Making This Work Should Be Our #1 Priority

In a series of posts, I’ve outlined how the major light-rail and streetcar projects are in deep trouble and why. Today’s final post completes the more recent portion of the series on what we should do to spend smart to produce workable, effective transit.

Fix Metro

Members of the Maryland General Assembly have rightly come to the conclusion that they have had enough of the failing WMATA status quo and want to grapple in a serious way with the issue. Fixing the Metro system should be our #1 transit priority because it remains the lungs of the region’s public transit network. We need a serious assessment of how to turn the corner on this one because the problems have only been getting worse. MTA also has major problems that need attention and merits more oversight.

Reorganize Existing Bus Lines

I love solutions that don’t cost any money. This isn’t a case of getting something for nothing (that just doesn’t happen) but getting a lot more out of our existing budget. Houston just showed the way by reorganizing its bus routes in a smart way:

The old system, like many bus routes in the United States, expended a lot of resources on very low-ridership routes for the sake of saying there’s “a bus that goes there.” The new plan says that the focus should be to provide reasonably frequent service on routes where reasonably frequent service will attract riders. That does mean that some people are further than ever from a transit stop. But it means that many more Houstonians will find themselves near a useful transit stop.

Just check out the before and after maps. I’ve often heard advocates of light-rail claim that we need it because there is no bus route that does not connect place A to place B. But this is, after all, an easily solvable problem without building light rail. In Houston, the difference is amazing and it didn’t cost the city any more money. Now that’s smart growth.

Bus-Rapid Transit

Bus-rapid transit (BRT) has real cost-benefit advantages over other more expensive modes. You can build an equivalent mode of transit at a far cheaper price. Montgomery County has already moved forward tentatively in this area. I hope they will continue.

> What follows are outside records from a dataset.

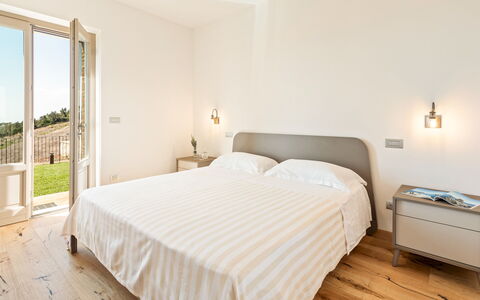 Casale Grottini 8: Design Intérieur, Meubles, Lit, Chambre, Sol, Pièce, Domicile, Plafond, Sol, Appartement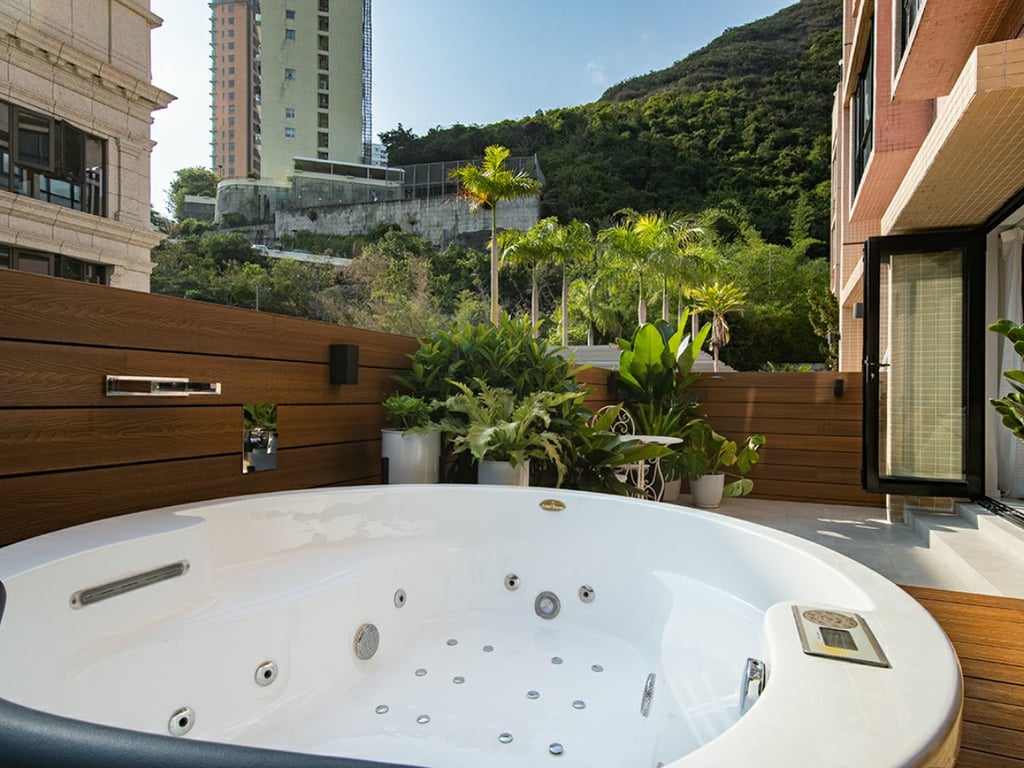https://img.propertyraptor.com/cdn-cgi/imagedelivery/KD5bF_AFL0JDTbKLWF7z9g/ap8/ap8_001/hornet/prp/img/cff914e7d4c6b74d7af91f0e517233ef.jpg/public
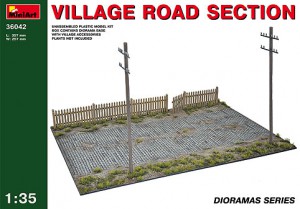 BE36042 1/35 Village Road Section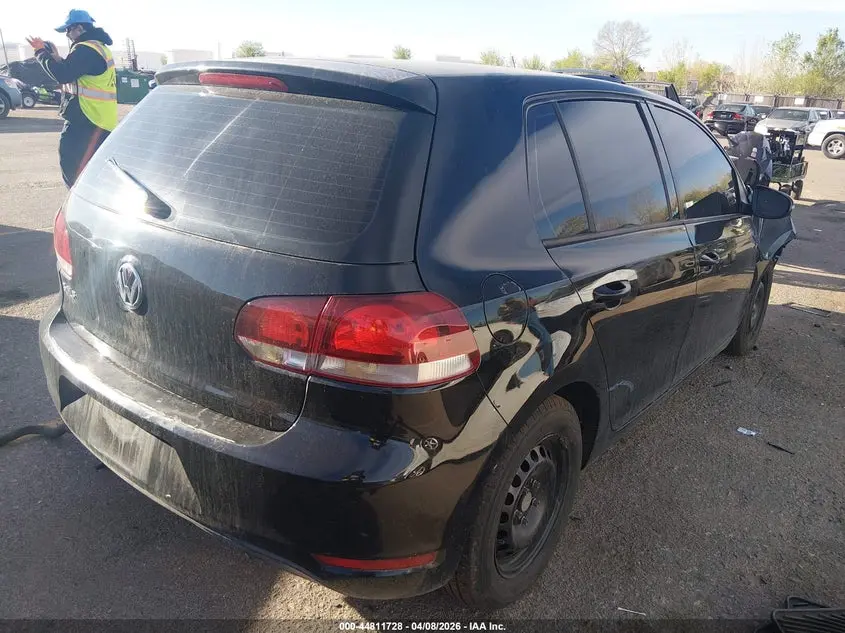 2013 VOLKSWAGEN GOLF 2.5L 4-DOOR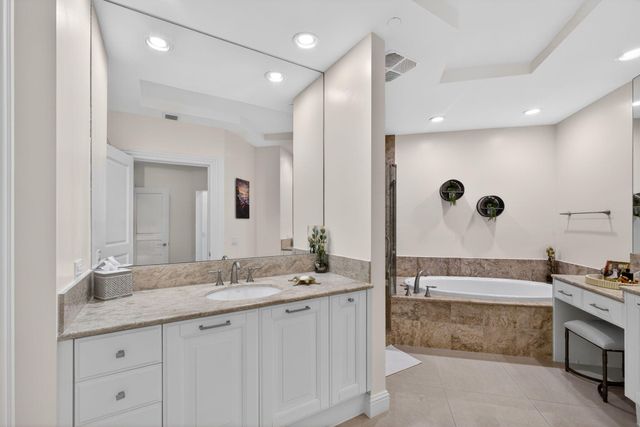 3800 N Ocean Drive 2050, Singer Island, FL 33404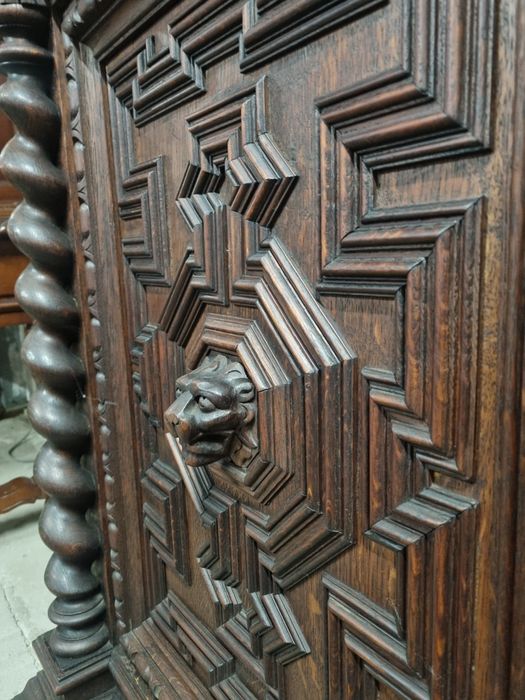 bufet kredens drewniany antyk rzeźbiony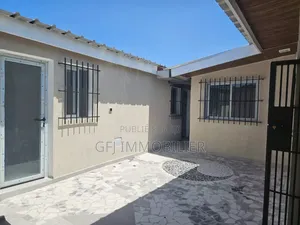3chbre Villa dans Francis Gweh, Cocody à Louer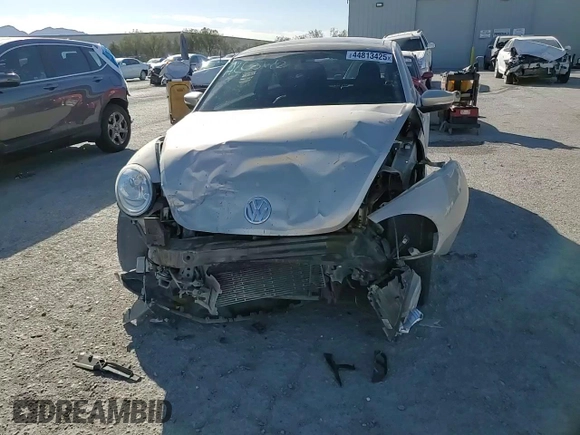 2014 Volkswagen Beetle 2.5L w/Sun with VIN 3VWJP7AT8EM629833, listed as a Copart auction lot 44813425 with 81,625 mi miles and Salvage Title. Bid and sale history available at DreamBid. Image 10.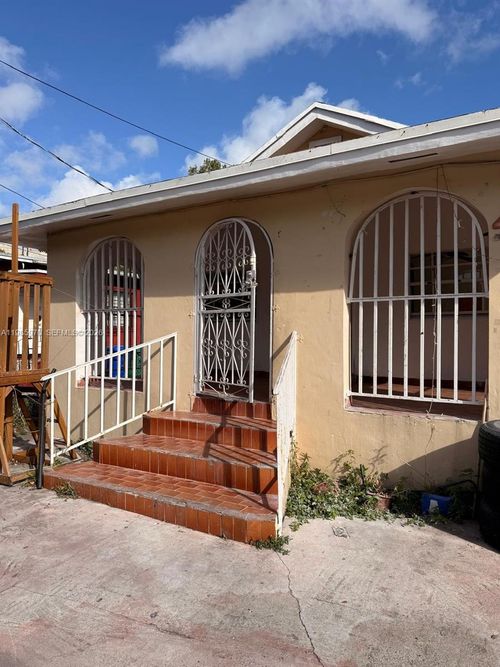 1-409 Nw 33rd St, Miami, FL, 33127-3420 | Card Image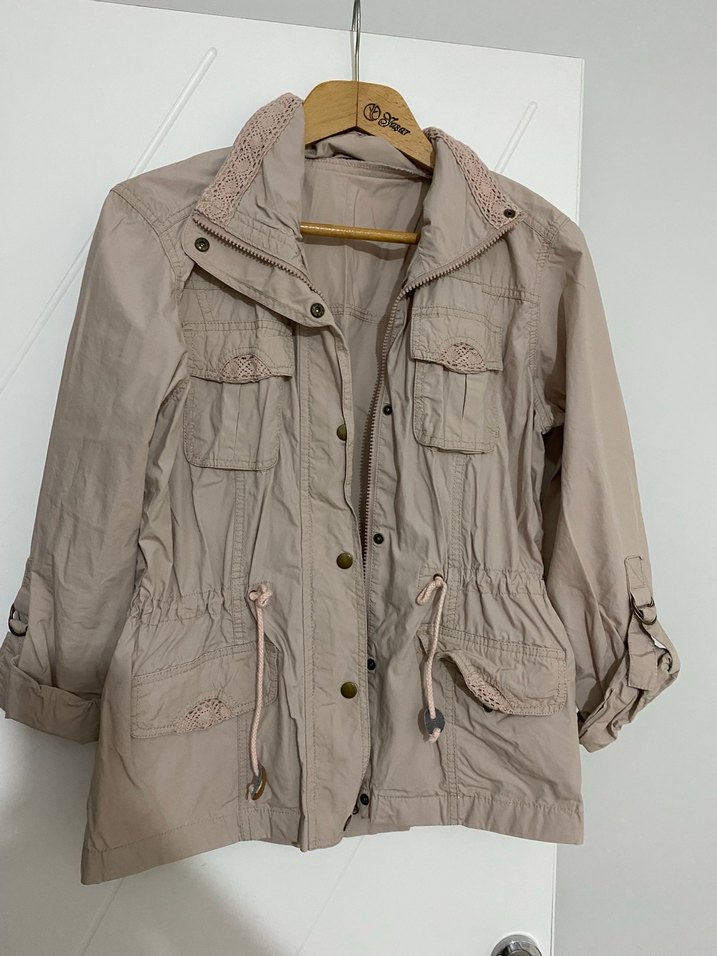 Bej Düğmeli Kadın Ceket - Görsel 2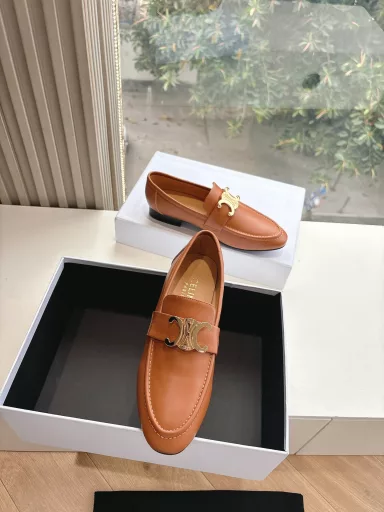 CELINE RUNNER loafers with CELINE logo sneakers with CELINE logo embossed on the side of the shoe thick-soled loafers 2025 spring and summer new women's Arc de Triomphe logo lace-up 356853 Mary Jane loafers are simple and comfortable, clean and neat, and make your legs look thinner. Whether worn alone or with wide-leg pants, they are high street and retro ✔️Let's be CELINE girls together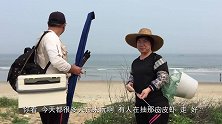 闲牛带牛嫂去钓鱼运气果然不错，收获了好多靓海货回来，真有口福
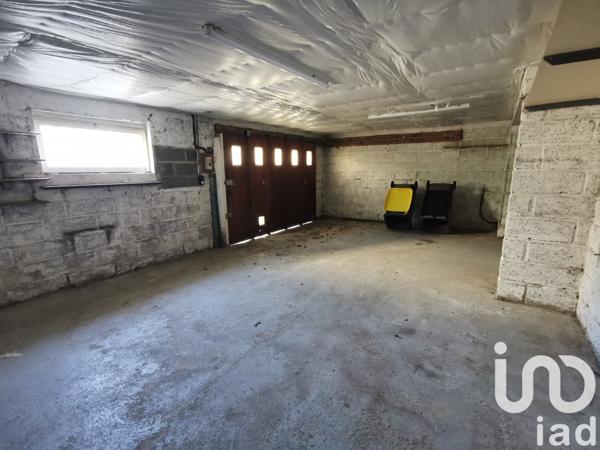 Maison traditionnelle 6 pièces de 137 m² à La Roche-Jaudy (22450)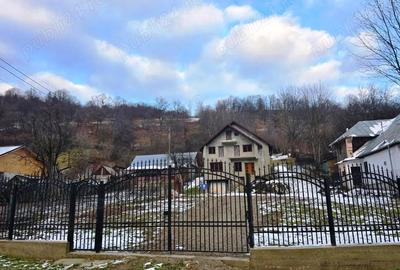 Casă cu 5 camere cu Teren 2500 Mp în Pângărați - 1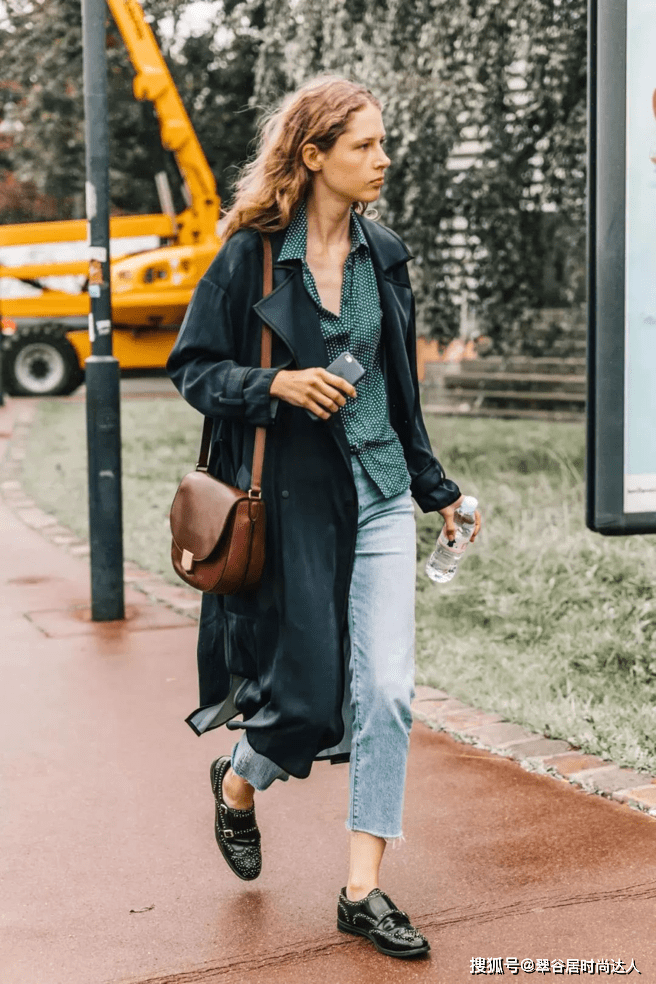 原创怪不得时尚精都不穿小白鞋了今年布洛克鞋火了舒适还高级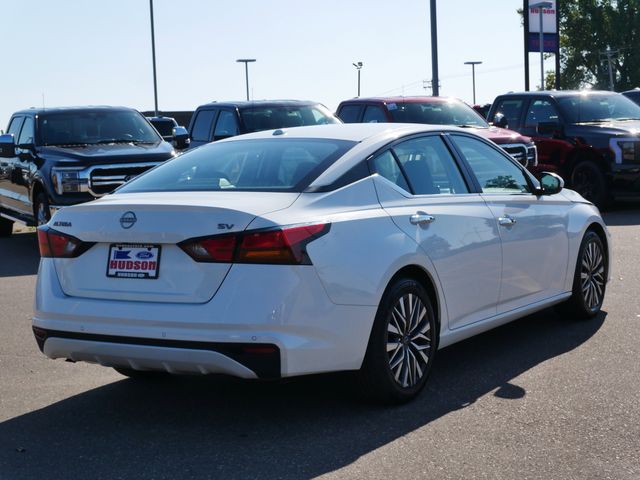 Thumbnail: 2023 Nissan Altima - 17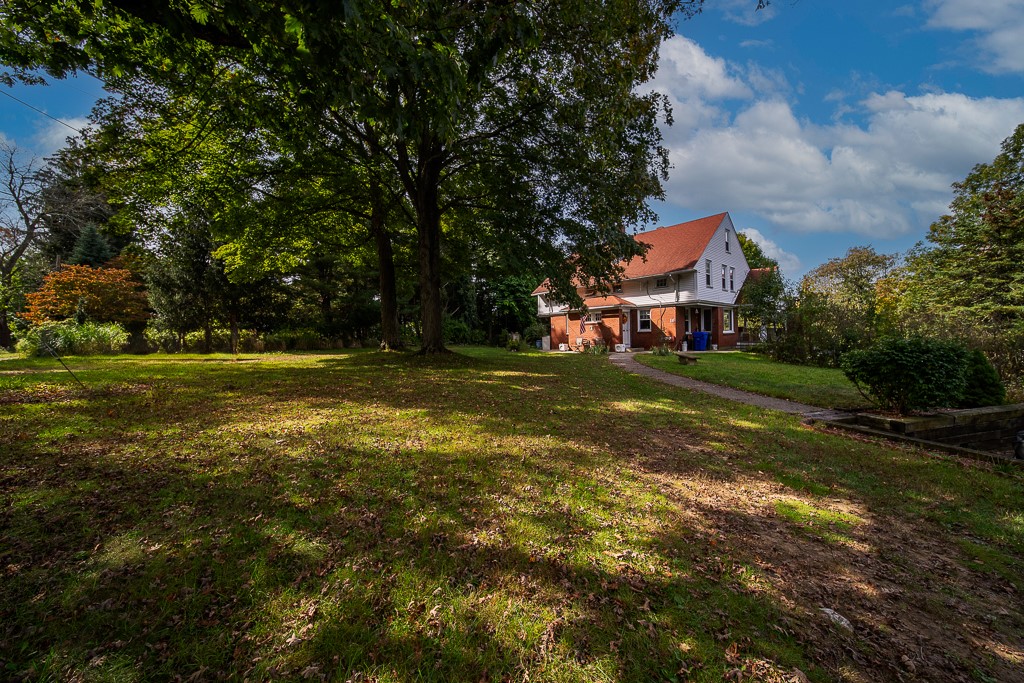 14 Waterview Ave Avenue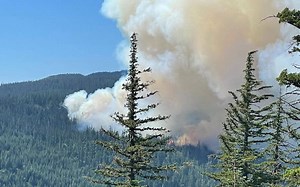 New wildfire SE of Mt. Hood burns over 60 acres; several campgrounds, forest roads closed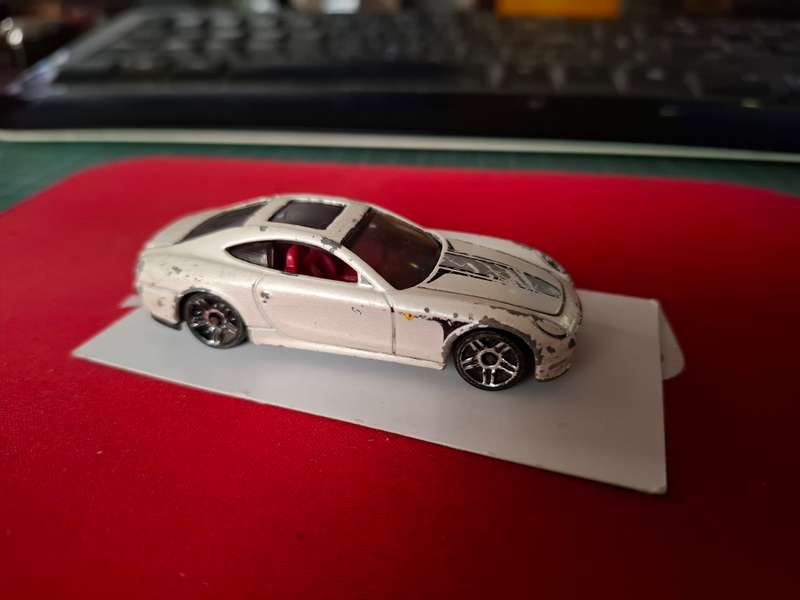 Hot Wheels Ferrari 612 Scaglietti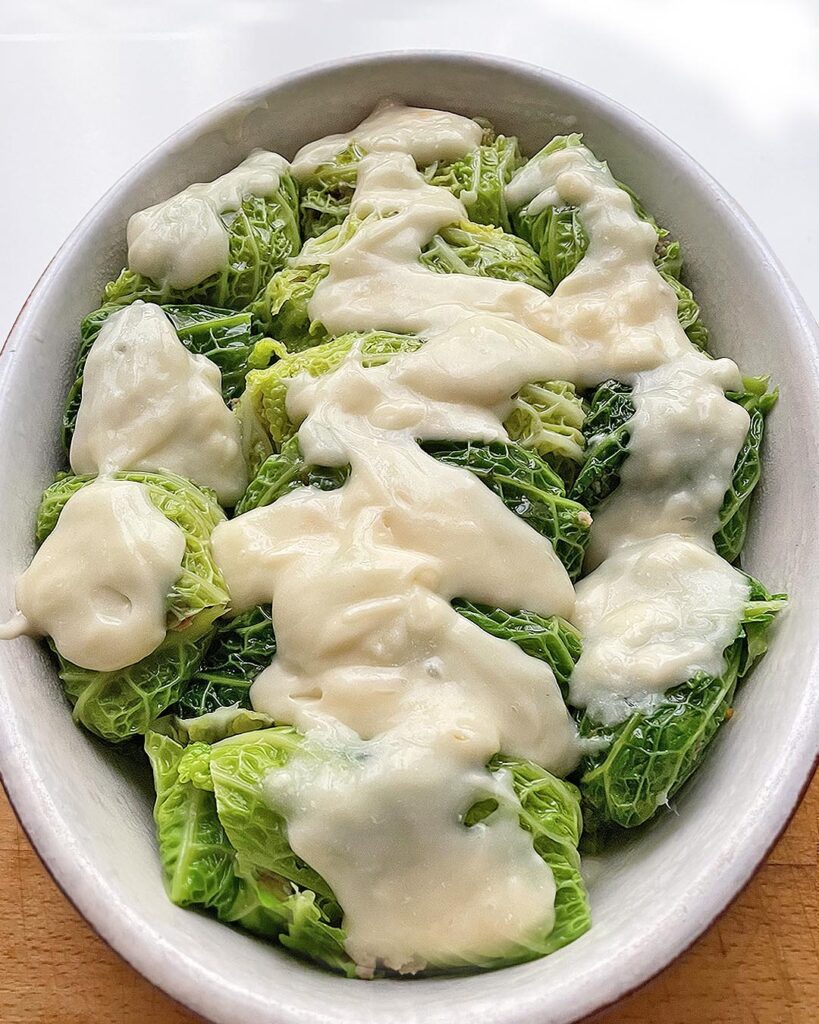 cabbage rolls seasoned with bechamel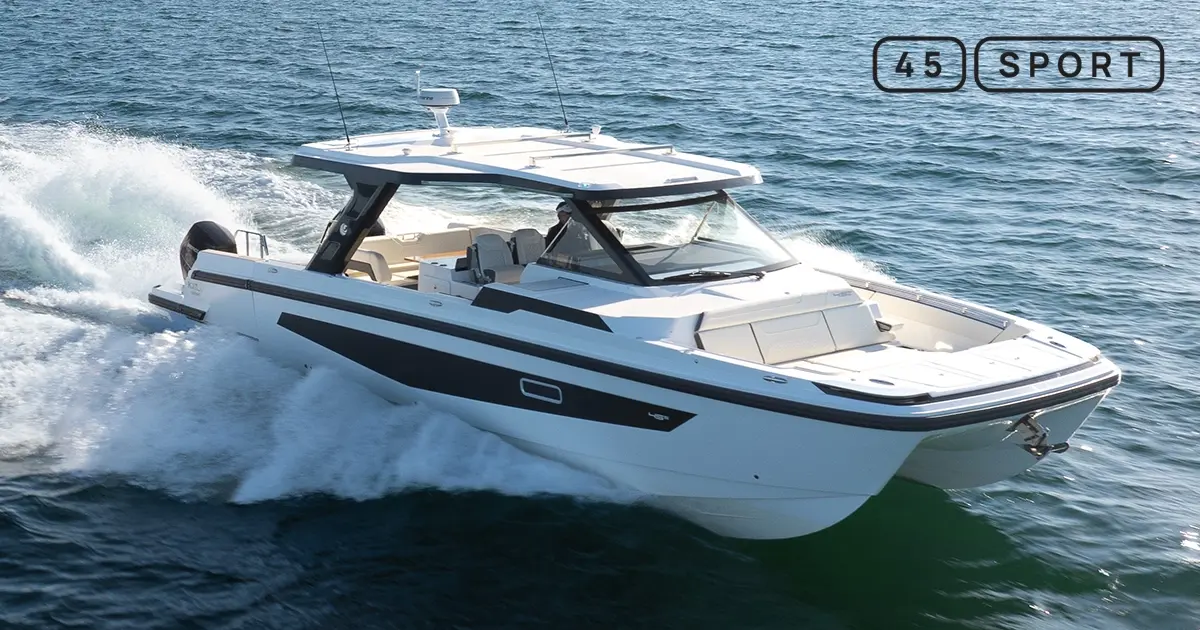 YachtWorld passe en revue l'Aquila 45 Sport : quelle sensation de vitesse !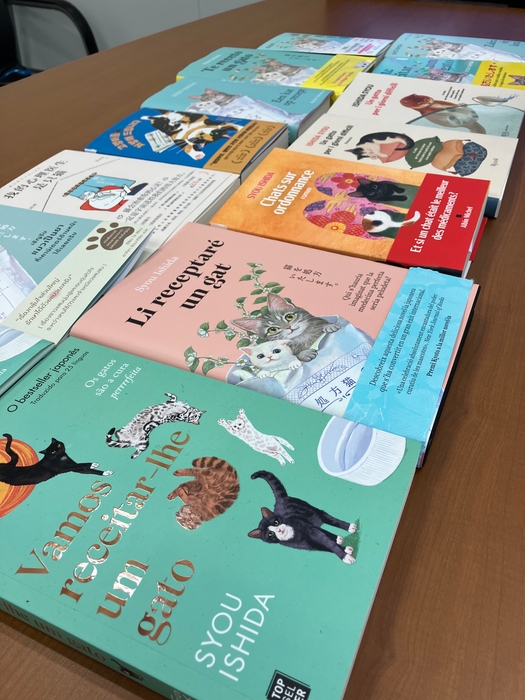 （個性豊かな各国の表紙）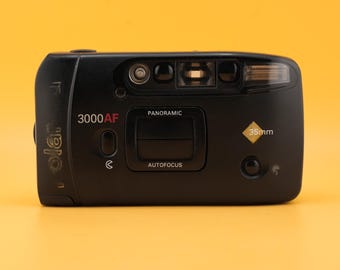 Vintage Polaroid 3000 AF 35mm Point & Shoot Film Camera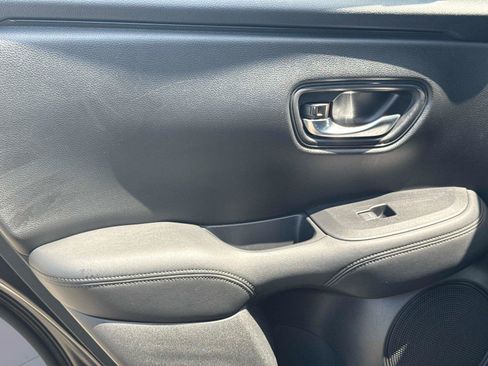 Certified 2023 Honda HR-V LX image 12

Build Only What We Can Afford to Maintain

The key lesson from Metro is that transit systems take a lot of money to operate and to maintain. Governing recently highlighted an even more disastrous example from the Boston area. Though Boston is a slow-growing area, it embarked on very fast paced transit growth that it could not afford either to build or to maintain. Beyond the system’s collapse this winter:

Today the MBTA owes nearly $9 billion in debt and interest, which translates into more than one-quarter of its operating revenue going to debt service. And since money that should have funded maintenance had to be diverted to the legally mandated expansions, the system faces an estimated $5 billion maintenance backlog.

This doesn’t mean we shouldn’t build anything. It means that we need to spend smart because money is always tight and we need to build future operation and maintenance costs into the plan before we begin construction.

Final Word

The point of this series was not just to discuss how and why we arrived in our current cul-de-sac of overly expensive projects but how we can get out of it through transit that provide more in the way of transit and economic benefits at a much lower cost and will be more sustainable over the long term.